#### DATASET EXTRACT
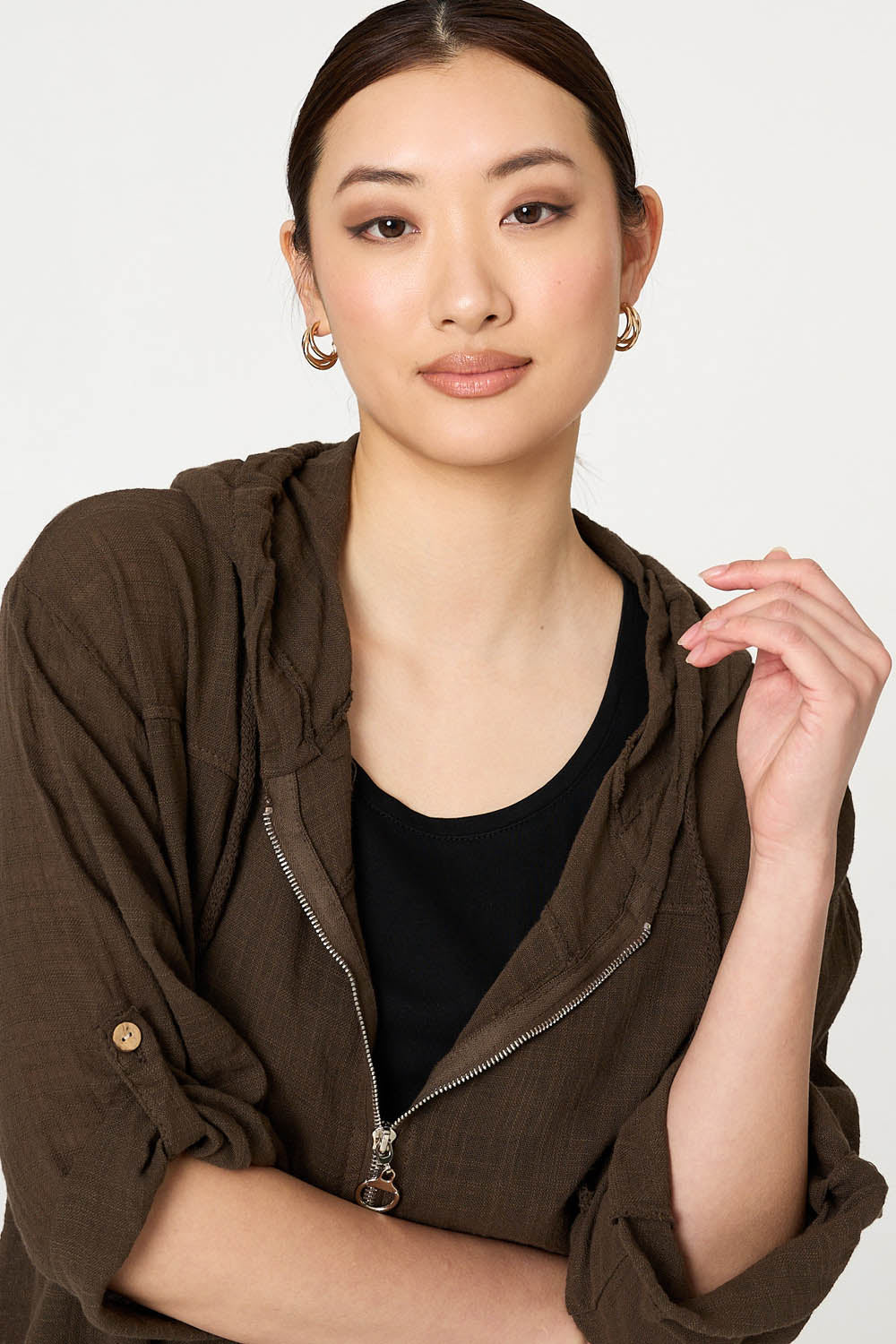 Estefanía | Chaqueta ligera con capucha y mangas 3/4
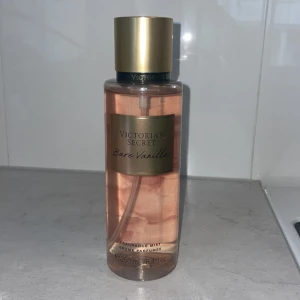 Victoria’s Secret bare vanilla - Säljer min Victoria’s Secret parfym för att jag har två. Den går inte att köpa i Sverige och är bara använd ett fåtal gånger! Säljer för 250kr eller högstbudande💕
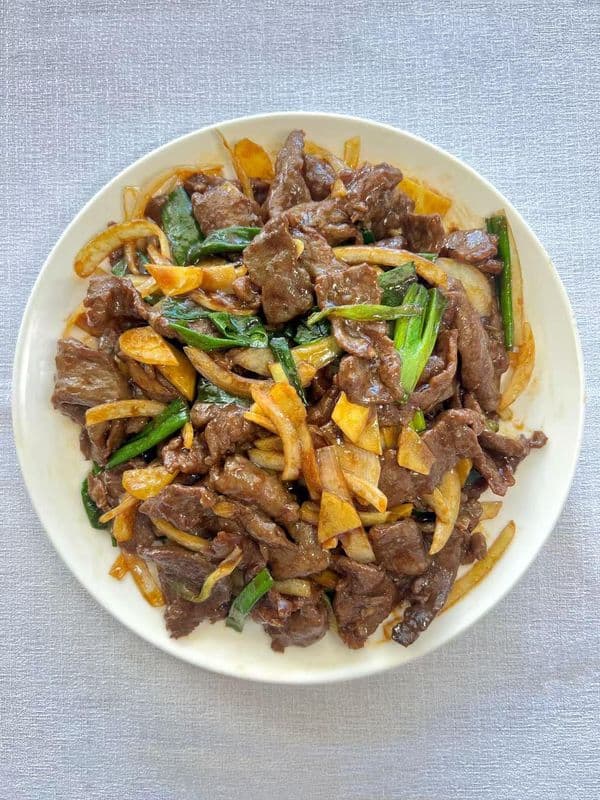 38. Boeuf au gingembre et échalottes / Beef with Ginger and Scallions / 38. Boeuf au gingembre et échalottes / Beef with Ginger and Scallions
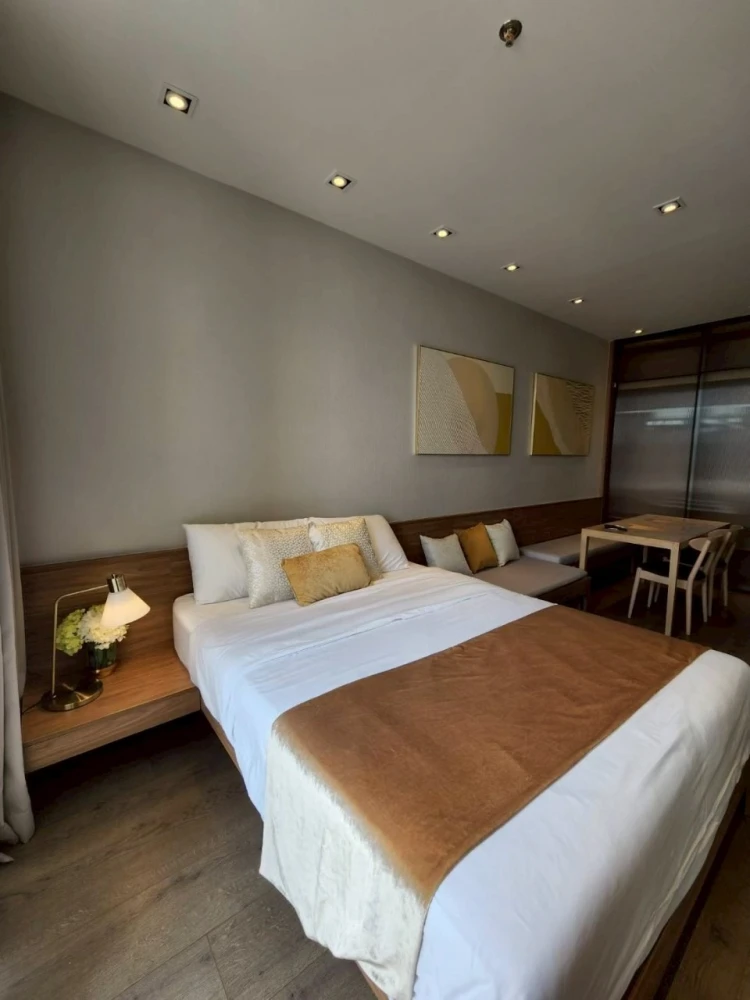 For rent: Park 24 Origin Phrom Phong, 20th floor, very high, with beautiful built-in furniture, fully decorated, ready to move in.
########
* **PROBLEM TO SOLVE**
Beginning with the line that contains "Victoria’s Secret bare" and ending with the final line of the listing, return each line exactly. Omit all pictures.

* **TASK RESULT**
 Victoria’s Secret bare vanilla - Säljer min Victoria’s Secret parfym för att jag har två. Den går inte att köpa i Sverige och är bara använd ett fåtal gånger! Säljer för 250kr eller högstbudande💕
 38. Boeuf au gingembre et échalottes / Beef with Ginger and Scallions / 38. Boeuf au gingembre et échalottes / Beef with Ginger and Scallions
 For rent: Park 24 Origin Phrom Phong, 20th floor, very high, with beautiful built-in furniture, fully decorated, ready to move in.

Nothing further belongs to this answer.